The SVP’s budgetary proposals are considered by Greg Daly
In calling for the Government to provide financial incentives to landlords to encourage them to accept tenants receiving housing assistance payments, the Society of St Vincent de Paul (SVP) is in line with other charities working with Ireland’s homeless and marginalised.
As Focus Ireland pointed out some weeks ago in response to reports of Minister Alan Kelly’s plans to introduce ‘rent certainty’ to ease pressure on families at risk of homelessness, any solution needs to work for landlords as much as for tenants.

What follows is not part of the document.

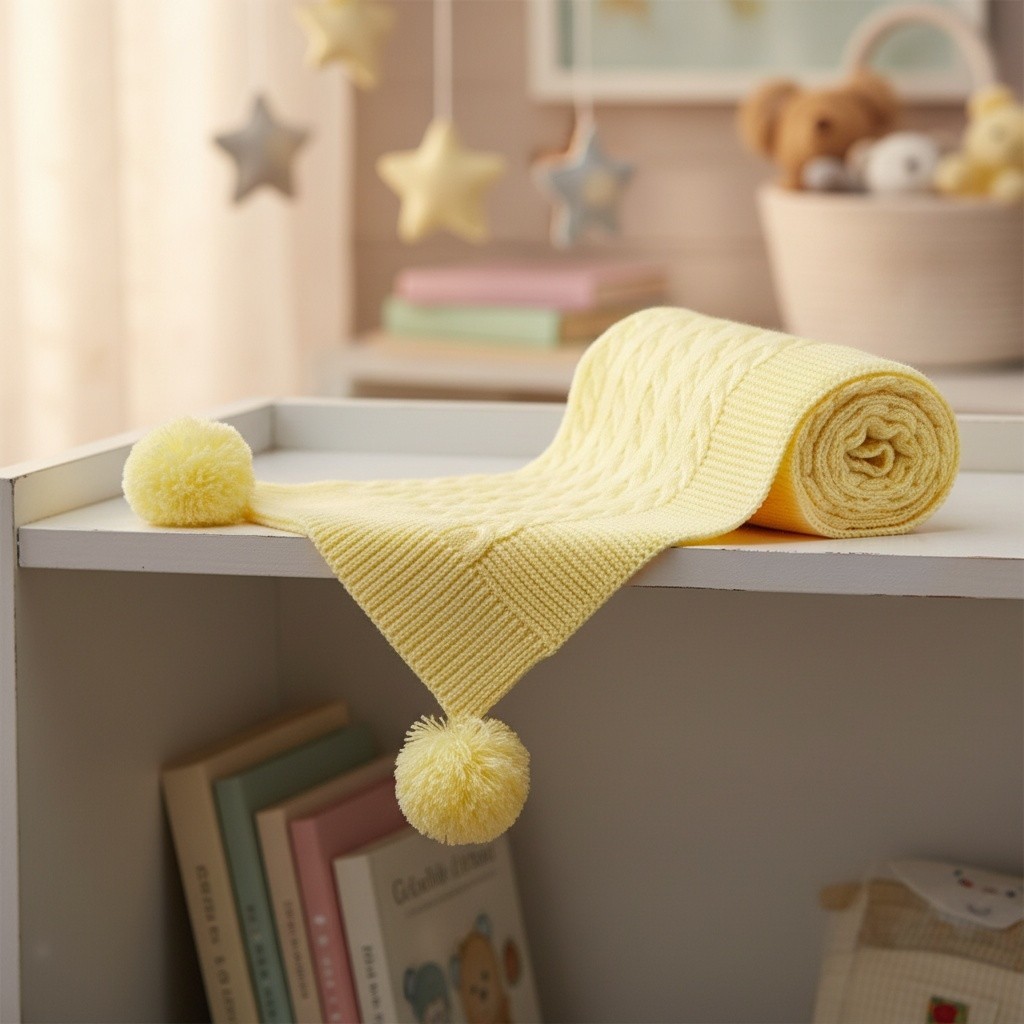 Soft Touch 4ABP12-SG 5023797310898 STABP12-L Lemon Yellow Elegance Cable Knit Wrap with Pom Poms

Without, for instance, some kind of tax dividend for landlords who rent to social tents, there is a risk of rental stocks being further reduced, exacerbating a problem that has already seen – according to the SVP’s Liz Kerrins – 700 families around the country reduced to living in hotels and B&Bs.

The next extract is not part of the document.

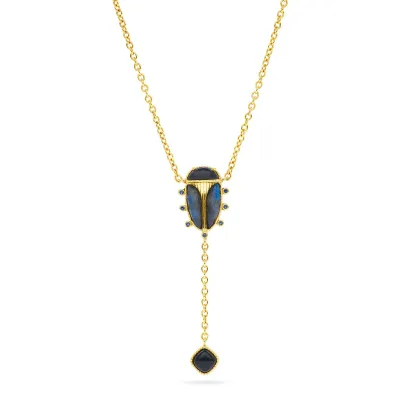 Scarab Blue Labradorite/Black Agate Lariat Necklace 18"+2"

Financial incentives for landlords and the raising of rent supplements to “realistic levels” were just two of the proposals put forward last week at the launch of ‘Investing in what matters’, the SVP’s pre-budget submission.
Speaking at the launch, the charity’s national vice-president Kieran Stafford said that on the centenary of the Easter Rising, “Budget 2016 needs to articulate our values as a nation”.
From the budgetary outline, which the Government has already made available, “indications are that additional if limited funds will be available to support those in need and the vulnerable in our communities who have taken the brunt of the cutbacks in recent years”, he said.
This may seem optimistic, especially in an election year, but Ms Kerrins explained that the Government envisages having between €1.2 and €1.5 billion to divide roughly equally as tax reductions and spending.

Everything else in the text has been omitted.